Eggs Florentine is a little bit of a healthier twist to traditional Eggs Benedict! Instead of Canadian bacon, we rest the poached egg on a bed of cooked spinach. I also like to add a slice of tomato. It still has a delicious homemade hollandaise sauce on top.
Eggs Florentine in 5 simple steps:
How to poach an egg:
Heat water. Fill the pot with about 3 inches of water. Heat the water until it starts to steam and bubble (just before boiling point).
Add vinegar. Add a splash of vinegar to the water (this helps the egg stay together once it is in the water).
Crack egg. Crack one egg in a small dish (I like to use a small measuring cup).
Whirlpool. Next, create a gentle whirlpool in the water by taking a large spoon and circling it around in the water. Poor your egg into the center of the swirl.
Cook. While it’s cooking, make sure to watch the water temperature. You never want the water to boil, so if it gets too hot, you may need to turn down the heat. It should stay just below boing point. How log you cook your poached egg depends on personal preference. I like to cook it for 3-4 minutes for a slightly runny yolk. Remove the poached egg with a slotted spoon!
How to make Hollandaise sauce:
Traditional eggs Benedict and eggs florentine are served with a sauce called Hollandaise sauce. Many people buy hollandaise sauce in a packet that just has you add water….I’ll never understand WHY?! It’s SO easy to make homemade hollandaise sauce and it definitely tastes better from scratch! Hollandaise ingredients:
Butter Egg yolks Lime juice Heavy cream Salt and pepper
- Melt butter. Melt butter in a small sauce pan.
- Beat egg yolks. In a separate bowl, beat the egg yolks. Add in the lime juice, heavy cream, and salt and pepper.
- Temper the eggs. Next you need to temper the eggs by adding a small amount of the hot butter to the egg mixture. Stir it well and repeat this process, slowly adding one spoonful of hot butter to the egg mixture. We do this to avoid curdling the eggs.

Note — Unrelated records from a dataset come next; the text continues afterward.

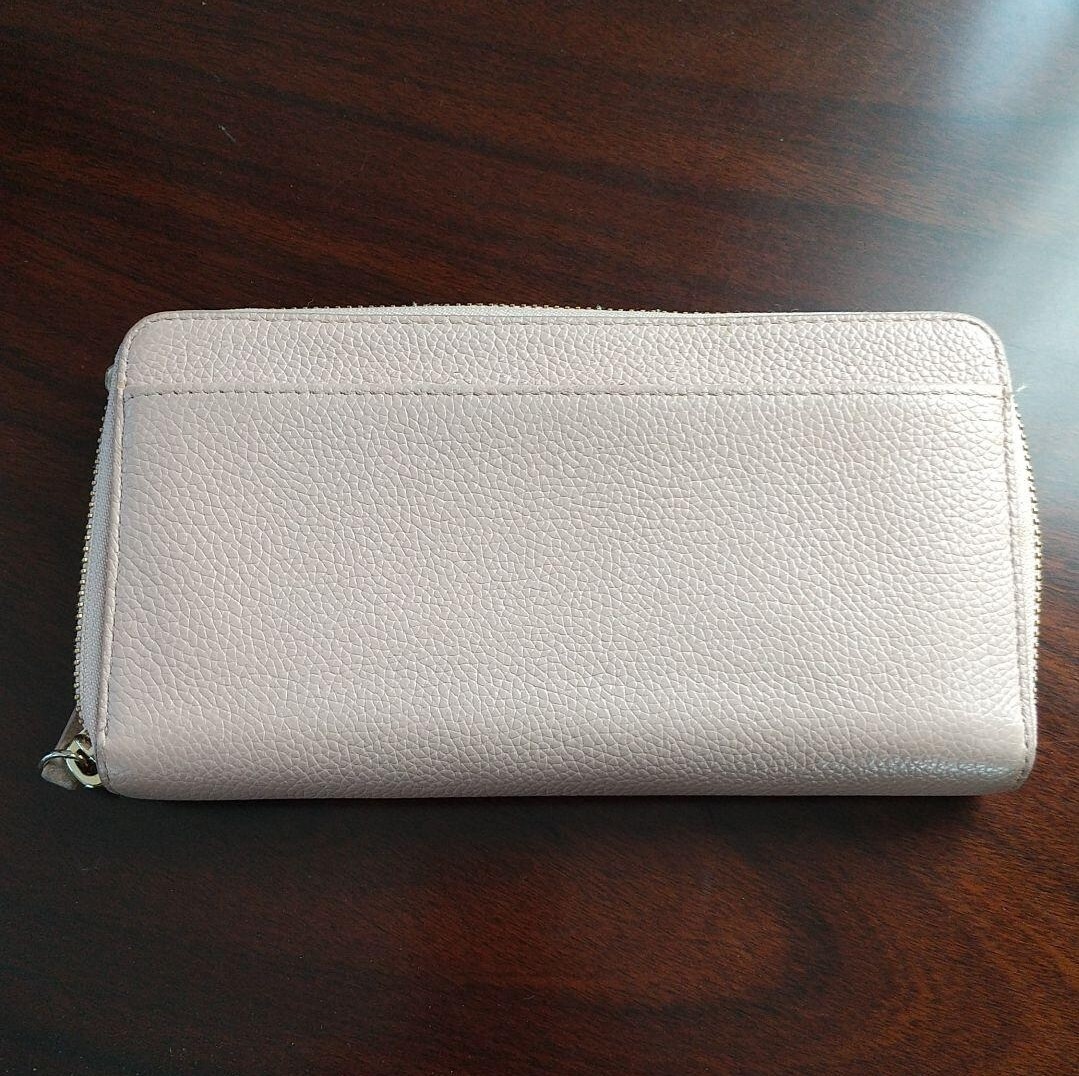 kate spade長財布　おしゃれに　かっこ良く　ラウンドファスナー　ケイト・スペードニューヨーク　淡いピンクの長財布です。_画像3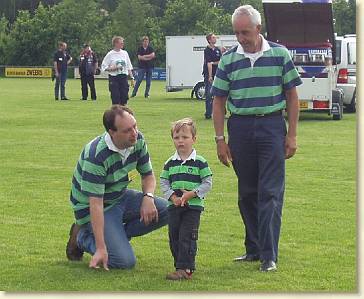 20070602-01 Met papa en opa in de ballonkleren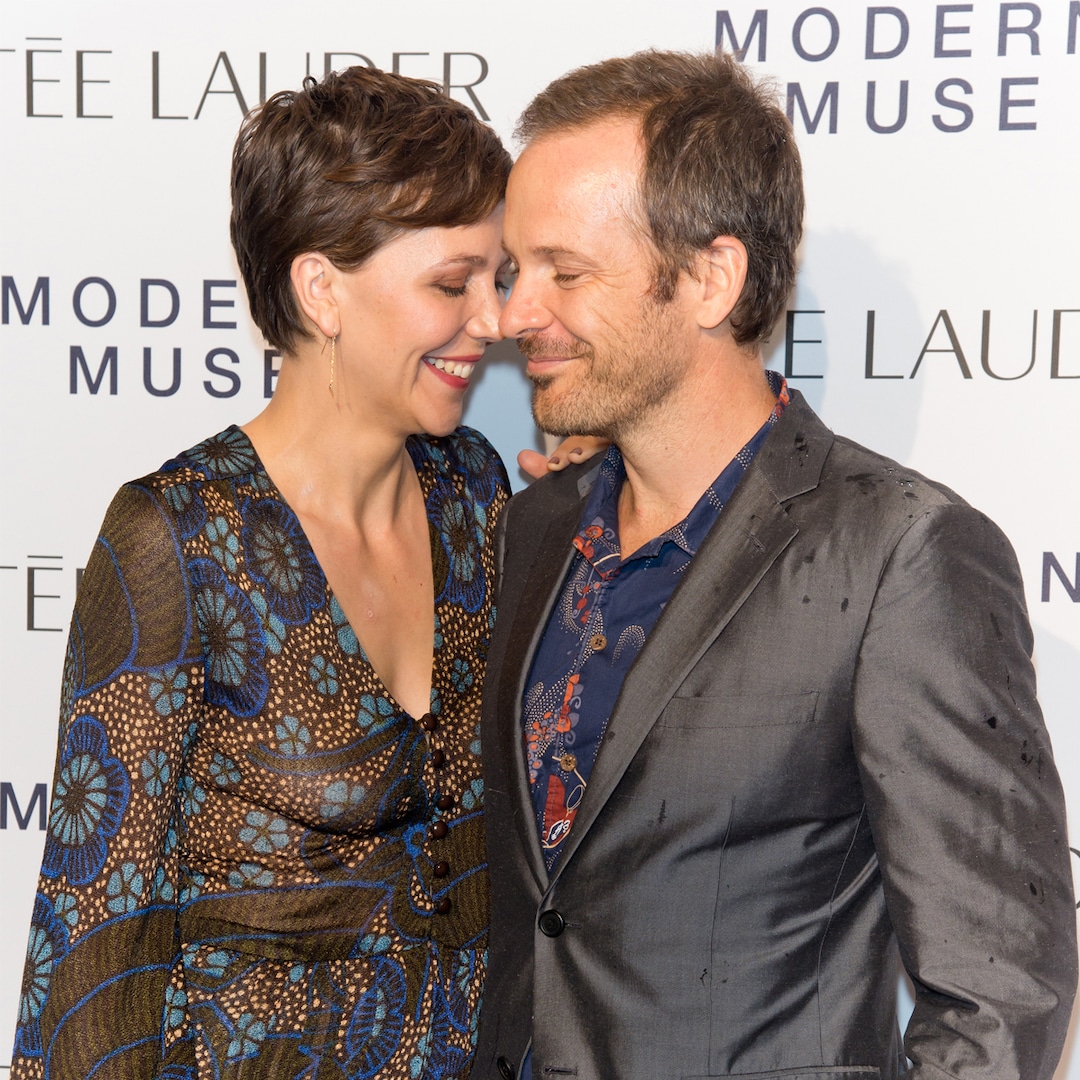 Maggie Gyllenhaal and Peter Sarsgaard’s Daughter Ramona Makes Rare Public Appearance at Gotham Awards – E! Online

- Return to saucepan. Finally, add the whole mixture back to the saucepan and cook it for a few more seconds.
Other Variations:
Eggs Benedict – use candian bacon instead of spinach. Use grilled asparagus in place of spinach. Add smoked salmon Add bacon Add tomato slices Add avocado slices
Make Ahead and Storing Hollandaise sauce:
For very best results, I like to make Hollandaise right when I am ready to eat my eggs florentine. However, you can make Hollandaise sauce a day ahead of time. Keep it cooling in the refrigerator and when you are ready to eat it, reheat it for about 10-20 seconds in the microwave. Store hollandaise sauce in an airtight container in the refrigerator for 1-2 days.